[Task goal] Where the records below reach the line containing "Used Porsche Cayenne", start transcribing, and end with the line containing "JACK JONES ORIGINALS", exactly and with nothing else added.

[Data supplied]

▬▬▬

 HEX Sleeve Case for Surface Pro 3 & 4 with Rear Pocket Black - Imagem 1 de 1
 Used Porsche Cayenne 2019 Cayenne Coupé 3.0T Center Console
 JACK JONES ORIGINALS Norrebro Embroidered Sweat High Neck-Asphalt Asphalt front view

▬▬▬

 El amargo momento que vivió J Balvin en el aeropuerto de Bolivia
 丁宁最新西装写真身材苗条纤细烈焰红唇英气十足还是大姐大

▬▬▬

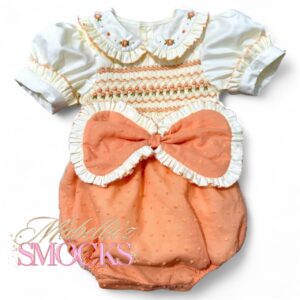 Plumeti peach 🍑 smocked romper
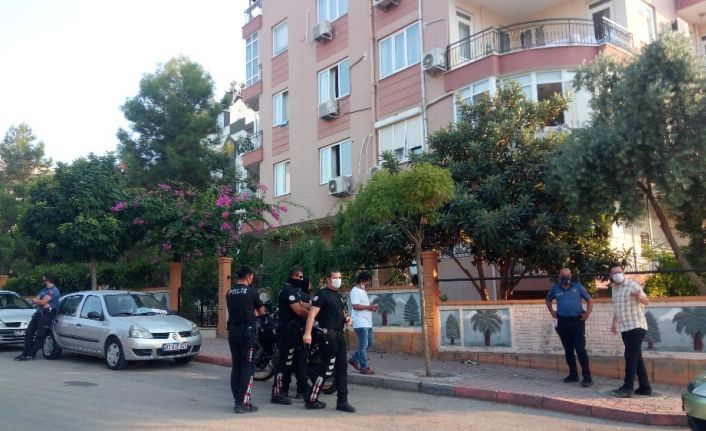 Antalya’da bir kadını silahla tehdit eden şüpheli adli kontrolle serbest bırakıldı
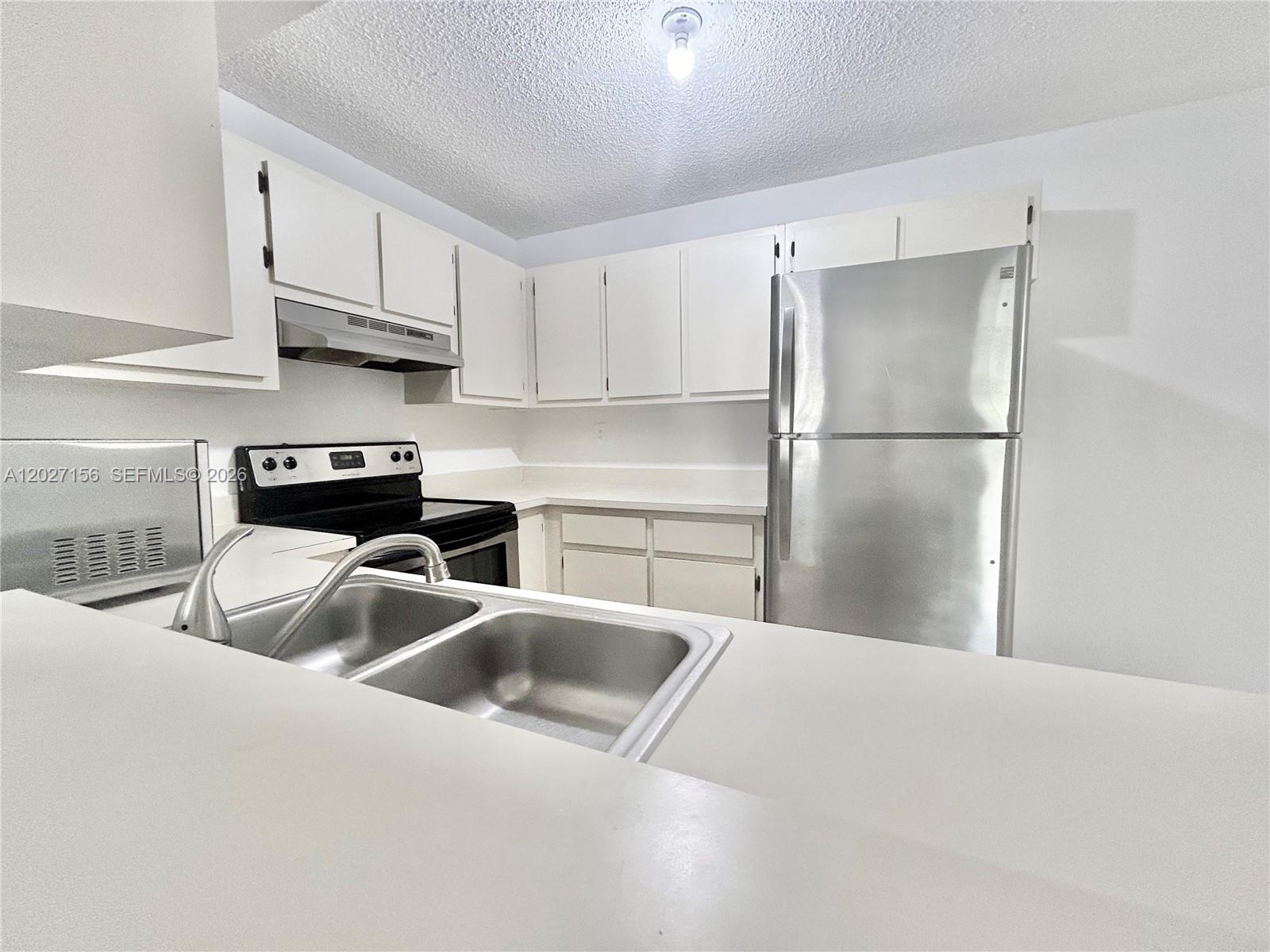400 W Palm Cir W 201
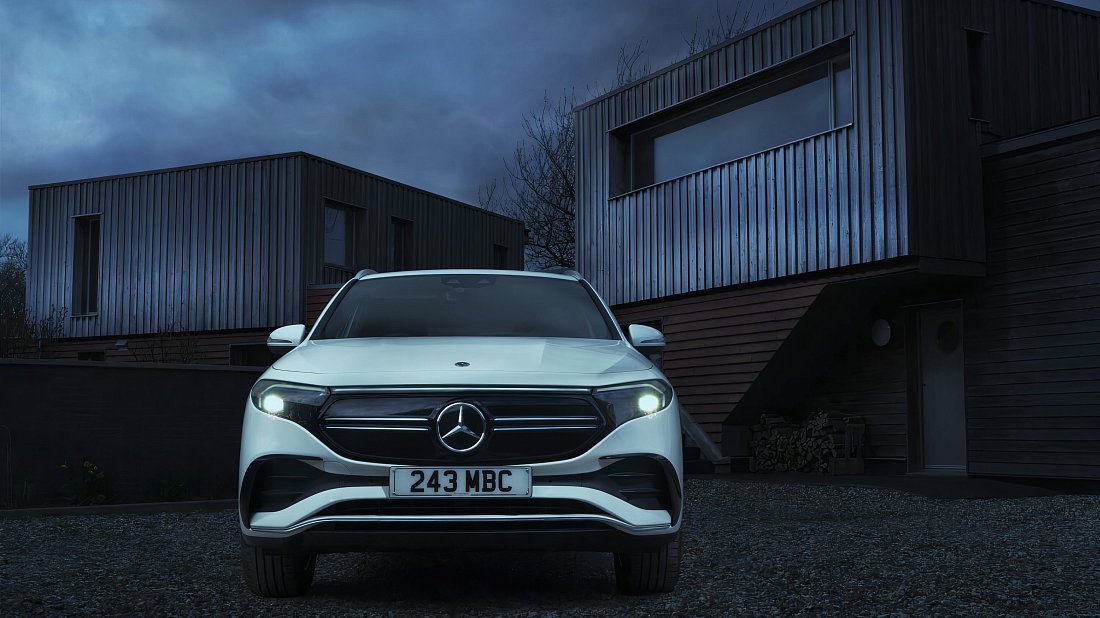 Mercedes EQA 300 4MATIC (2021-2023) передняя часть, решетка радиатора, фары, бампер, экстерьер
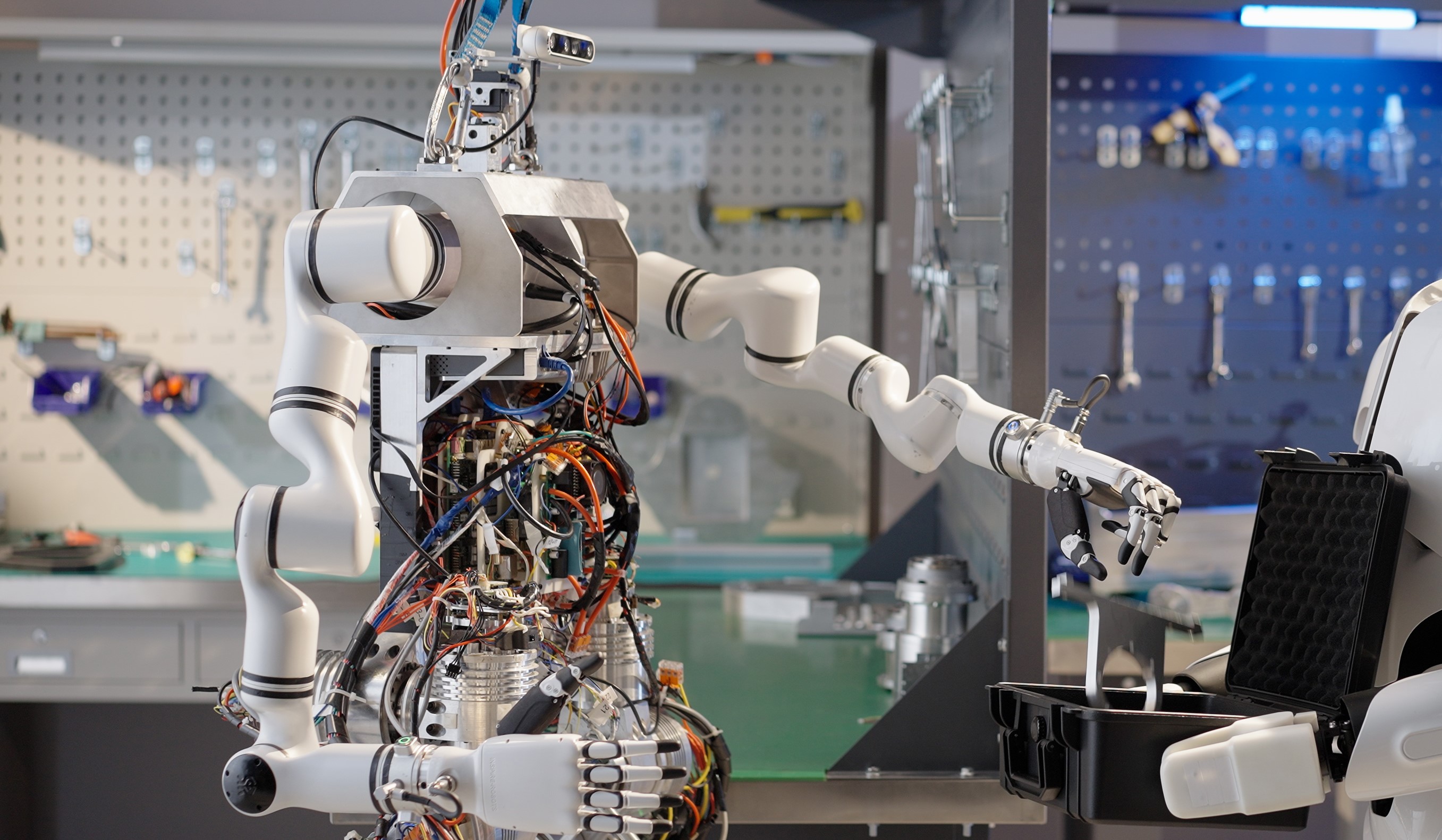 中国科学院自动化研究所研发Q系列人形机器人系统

▬▬▬

[Answer box]
 Used Porsche Cayenne 2019 Cayenne Coupé 3.0T Center Console
 JACK JONES ORIGINALS Norrebro Embroidered Sweat High Neck-Asphalt Asphalt front view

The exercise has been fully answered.